# jumping



## begin of a dream (Nov 29, 2007)

taught myself almost all i know about jumping, im 16 and would love to show.....how does my position look? remember i am not a trained jumper....just enjoy having fun....


----------



## begin of a dream (Nov 29, 2007)

sorry accidently posterd same pic twice....heres another


----------



## jazzyrider (Sep 16, 2007)

wow! you taught yourself?? well done!  

in the first pic there is something a little funny looking but i cant quite put my finger on it. oh i got it! your legs look like they are doing what i call 'chicken winging' with arms. my husband, who is just learning to ride, puts his arms out like chicken wings when he starts trotting. looks like your legs are doing that. your knees should be on the saddle. it also looks like your bum is lifted straight up from the saddle rather than having the lean forwards position but this could be influenced by the chicken legging  sorry, i mean no offence by that term its just a name i have given it. in that pic it also looks like you are leaning a little on his neck but your release seems really good. i would also say that your legs have slipped back and your toes are a little too turned out 

the main thing i can see from the other pics is the leg slipping back. you seem to have good hands and give him plenty of release which is awesome for a self taught person. i dont know if there is anything else to critique but my boss is going to be back soon so i have to stop playing on the forum and do some work 

keep up the good work and i think with a little more fine tuning you will do really well at some starter showjumping


----------



## begin of a dream (Nov 29, 2007)

thanks i feel pretty proud of myself considering that i taught myself....i just did what felt natural....apparently it worked for the most part


----------



## horsecrazy15 (Dec 26, 2006)

perosnally well done for self teaching yourself, but on the picture where you jumping on you off side (right side)u look like u are putting to much weight on your horse's kneck, im not sure tho, you look gd in your other two pictures, keep up the hard work x
btw in 16 and i am self taught aswell :lol:


----------



## 3days3ways (Feb 23, 2007)

im sorry but the third picture is almost frightening how ahead of your horse's jump you are. i'm not trying to be mean, but i'm concerned for your safety and the comfort of your horse. you need to let your horse jump up to you instead of you trying to jump for your horse.

you also might want to try jumping without stirrups so you learn where your leg should be (a little behind the girth). i would suggest working on your two point on the flat at the trot and canter with stirrups to secure your position. then, try jumping smaller jumps without stirrups, making sure you distribute the grip between the lower thigh and knee, with your heels down. you also might want to try to shorten your stirrups so at the longest they hit your ankle when your feet are out of the stirrups.

im so sorry if i sound harsh i really didnt mean to  you do have a good start, and congratulations on what you've taught yourself already.

good luck!


----------



## Mathew (Feb 5, 2007)

*u rok*

OMG u seriously rok to think u taught ur self how long have u been jumping 4 and how long has the paint been jumping 4 cos yas look really good and you r self taught jumping over a mtr in some of em


----------



## TheStables (Dec 29, 2007)

Not bad for teaching yourself (clapping!) Although, you need to sit up a bit more and keep your hind end in that saddle more.
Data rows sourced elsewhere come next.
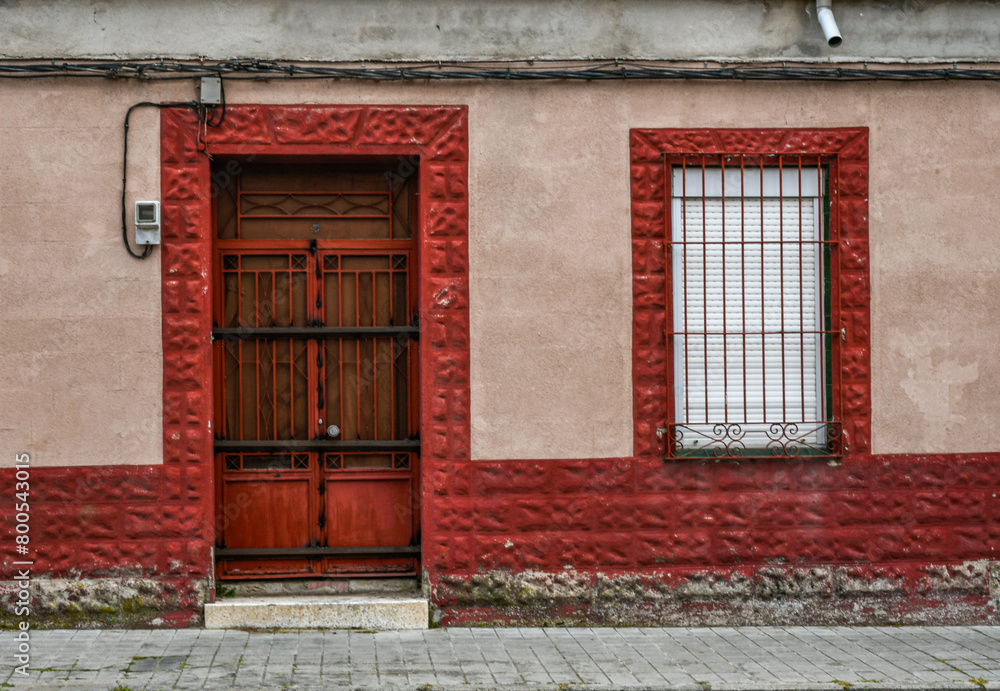 Old house with traditional façade in Ciudad Real, Spain Old house with traditional façade in Ciudad Real, Spain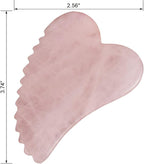 Rose Quartz Gua Sha Comb Massage Tool - Image 3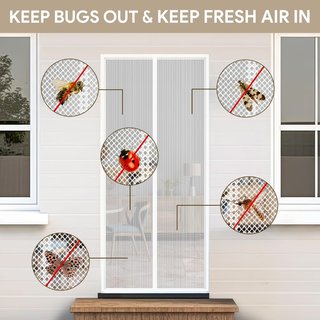 EGNBU mosquitera imantada puerta aire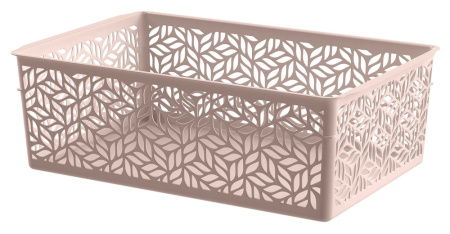 Корзина 1,4л прямоуг. бежевый -24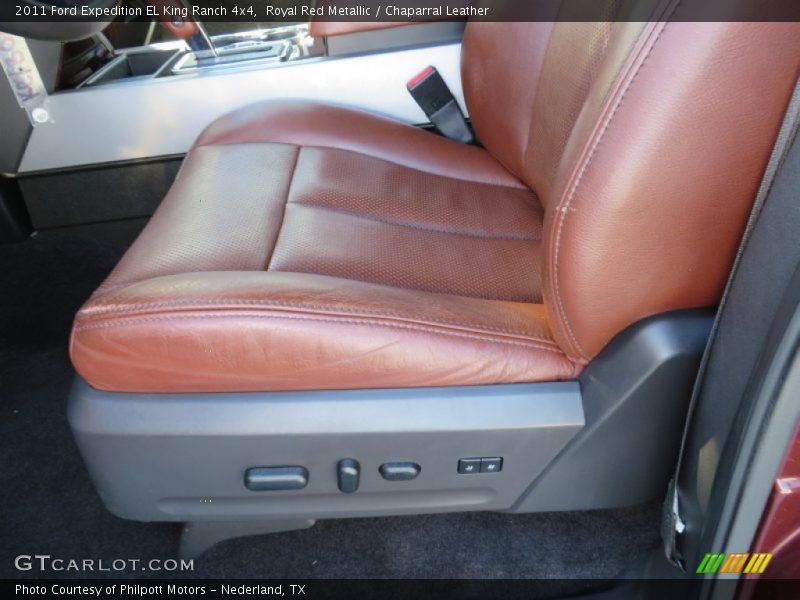 Front Seat of 2011 Expedition EL King Ranch 4x4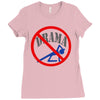 no drama Ladies Fitted T-Shirt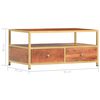 vidaXL Coffee Table 90x50x40 cm Solid Acacia Wood
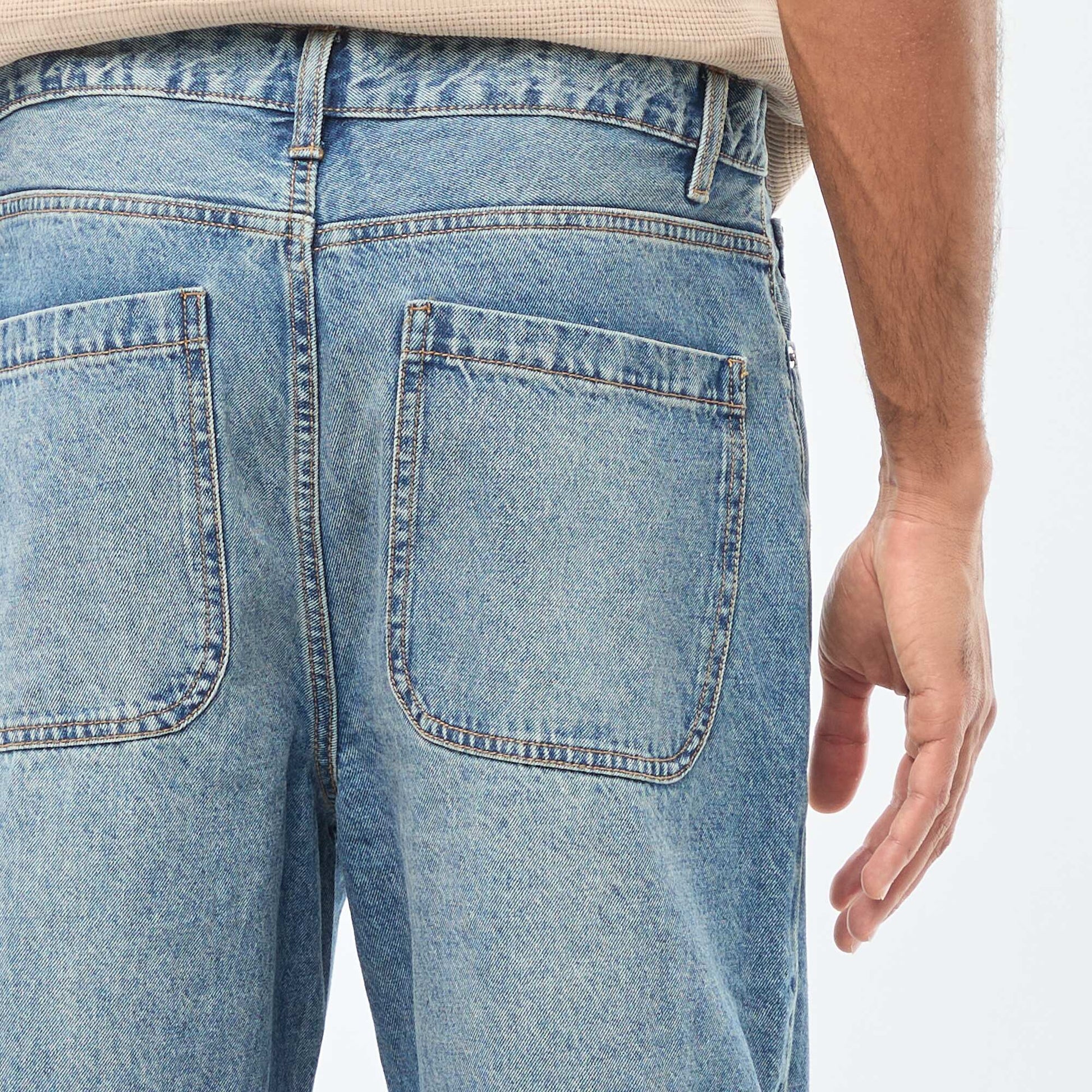 Jean large / relaxed fit à 5 poches BLEU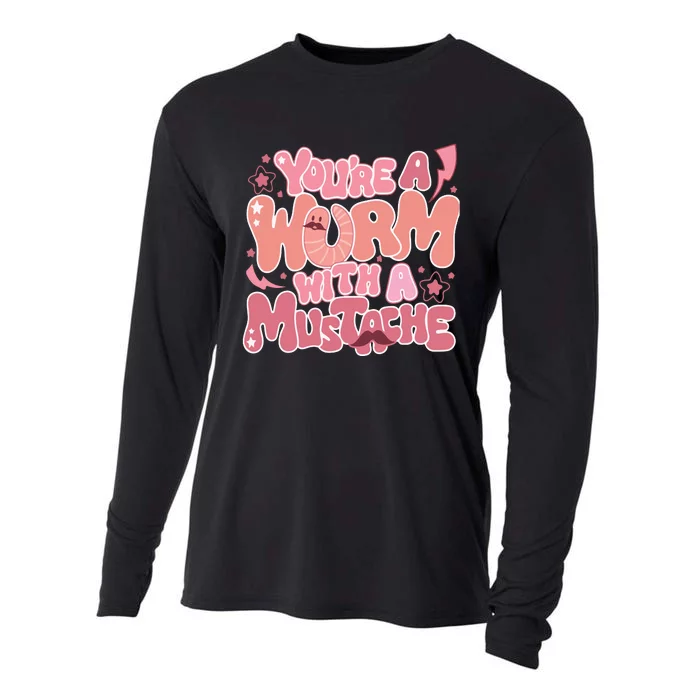 You’re A Worm With A Mustache  Vanderpump Rules Scandovals Is A Liar Cooling Performance Long Sleeve Crew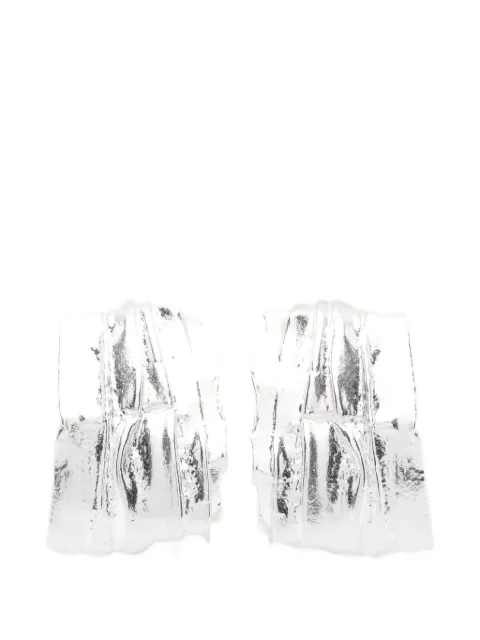 Completedworks textured hoop earrings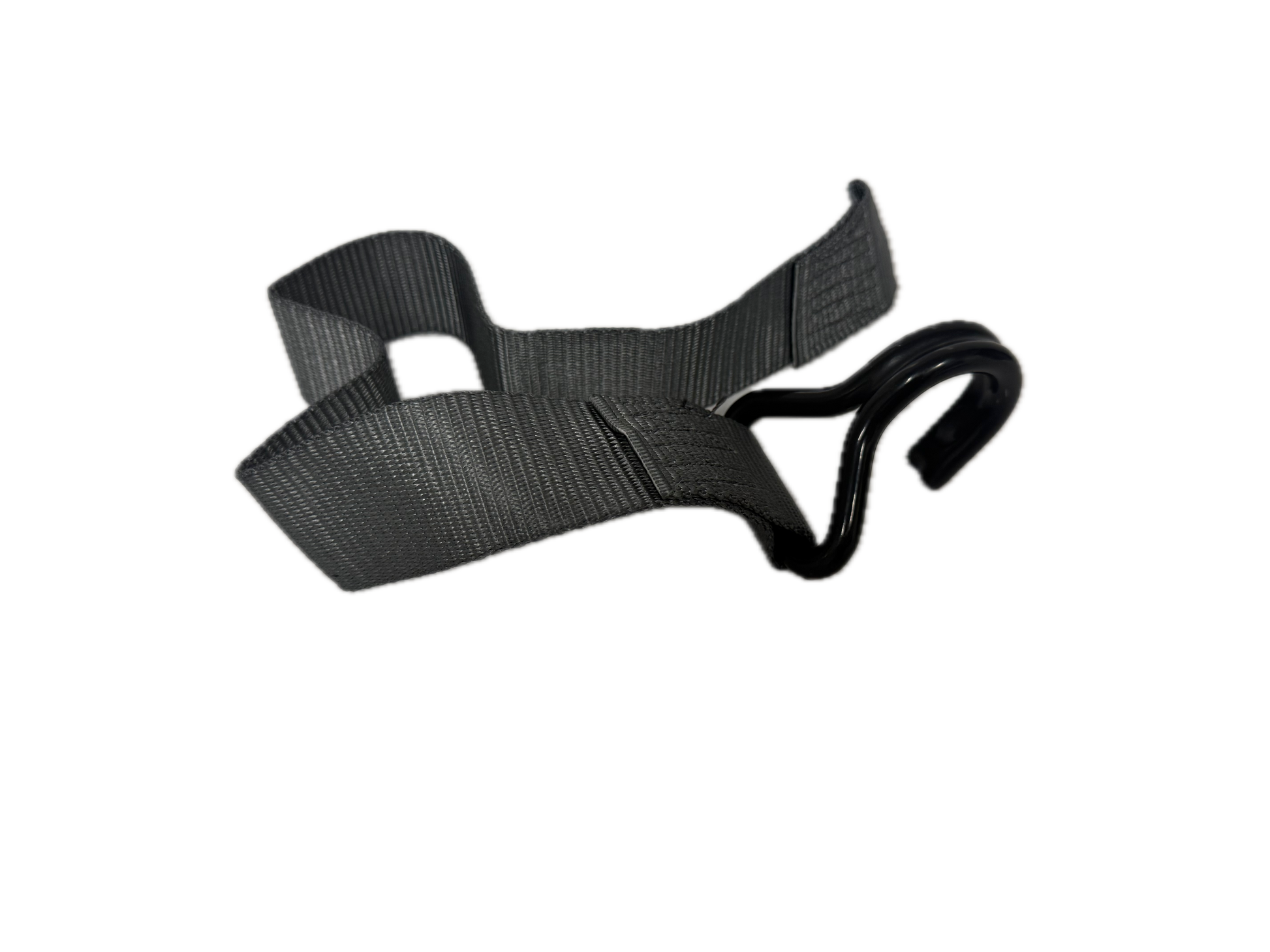 TYMATE - Tautliner Strap 58cm x 44mm – Grey with Closed Vinyl Double J Hooks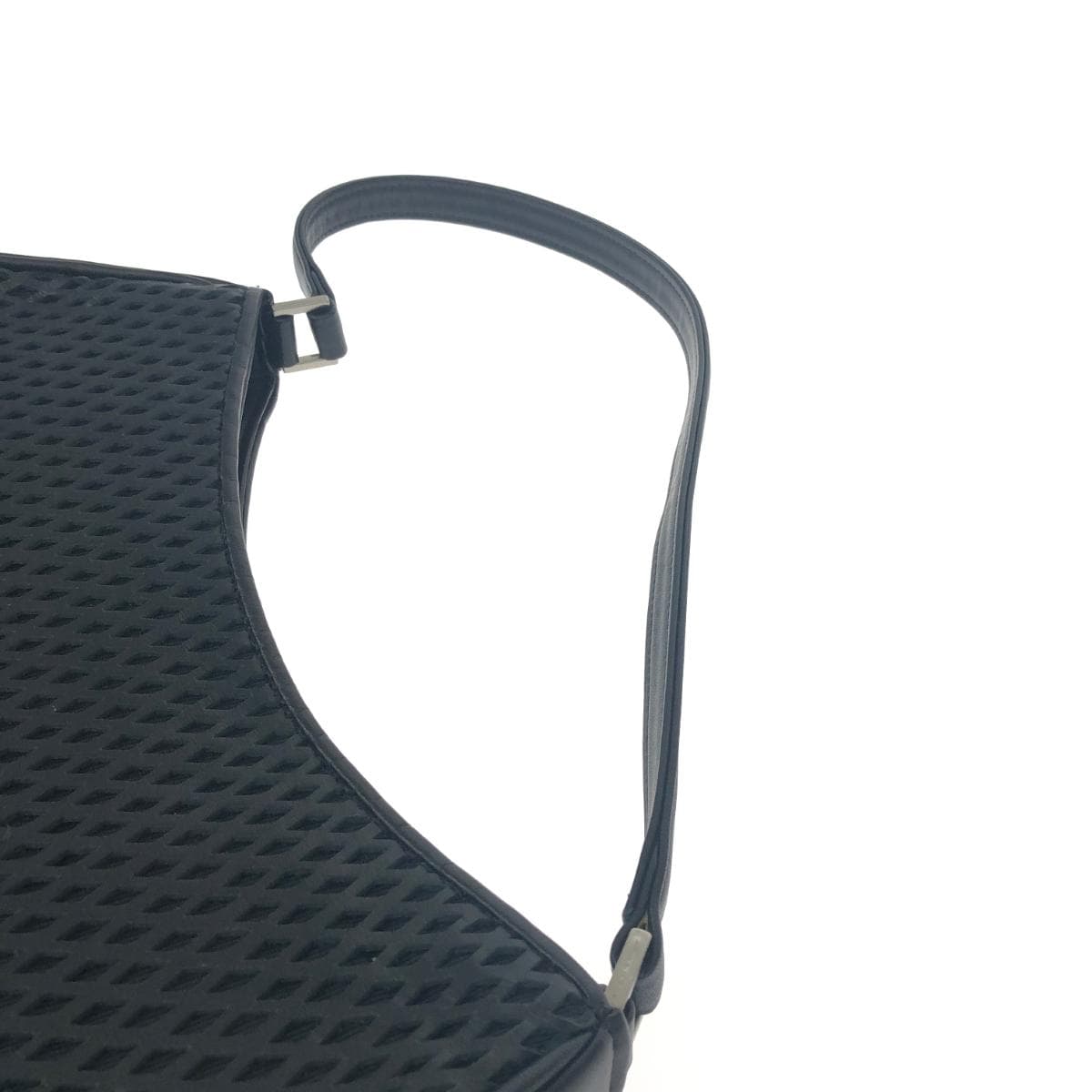 Ginza Yoshinoya One Shoulder Bag Punching Leather Black Ladies 6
You're over the pomel too much. Good job though.


----------



## regardinghorses (Oct 26, 2007)

3days3ways said:


> im sorry but the third picture is almost frightening how ahead of your horse's jump you are. i'm not trying to be mean, but i'm concerned for your safety and the comfort of your horse. you need to let your horse jump up to you instead of you trying to jump for your horse.
> 
> you also might want to try jumping without stirrups so you learn where your leg should be (a little behind the girth). i would suggest working on your two point on the flat at the trot and canter with stirrups to secure your position. then, try jumping smaller jumps without stirrups, making sure you distribute the grip between the lower thigh and knee, with your heels down. you also might want to try to shorten your stirrups so at the longest they hit your ankle when your feet are out of the stirrups.
> 
> ...


I agree with this poster ... there are some definite good points, but there are also issues which could provide some safety issues.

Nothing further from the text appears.